# Your assignment
Please reproduce the listing below exactly, leaving out every picture.

# Collected material
#####
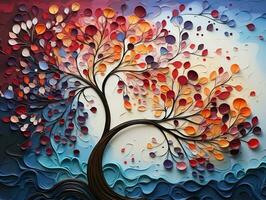 colorida árvore com vibrante folhas suspensão galhos ilustração fundo 3d abstração papel de parede para interior mural pintura parede arte decoração generativo ai foto
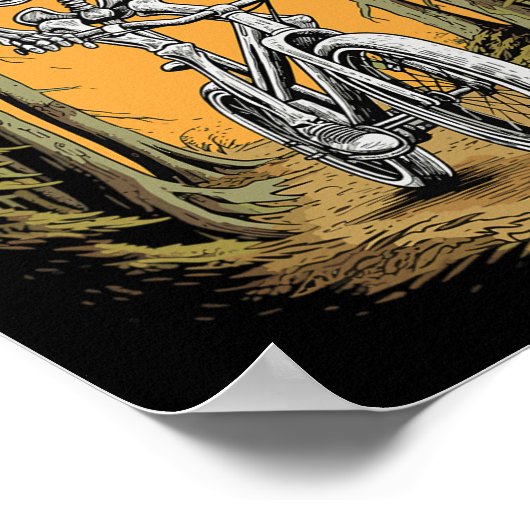 スケルトンマウンテンバイクサイクリストスケルトンハロウィーン ポスター (角)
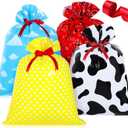 Shappy 4 Pcs Large Blue Sky and White Cloud Wrapping Gift Sack Cartoon Story Mix Color Sack Bag Party Supply 36 x 48 in Present Plastic Bag with 1 Roll 16 Feet Ribbon Cow Inspired Party Birthday Decor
#####
# Exercise output
 colorida árvore com vibrante folhas suspensão galhos ilustração fundo 3d abstração papel de parede para interior mural pintura parede arte decoração generativo ai foto
 スケルトンマウンテンバイクサイクリストスケルトンハロウィーン ポスター (角)
 Shappy 4 Pcs Large Blue Sky and White Cloud Wrapping Gift Sack Cartoon Story Mix Color Sack Bag Party Supply 36 x 48 in Present Plastic Bag with 1 Roll 16 Feet Ribbon Cow Inspired Party Birthday Decor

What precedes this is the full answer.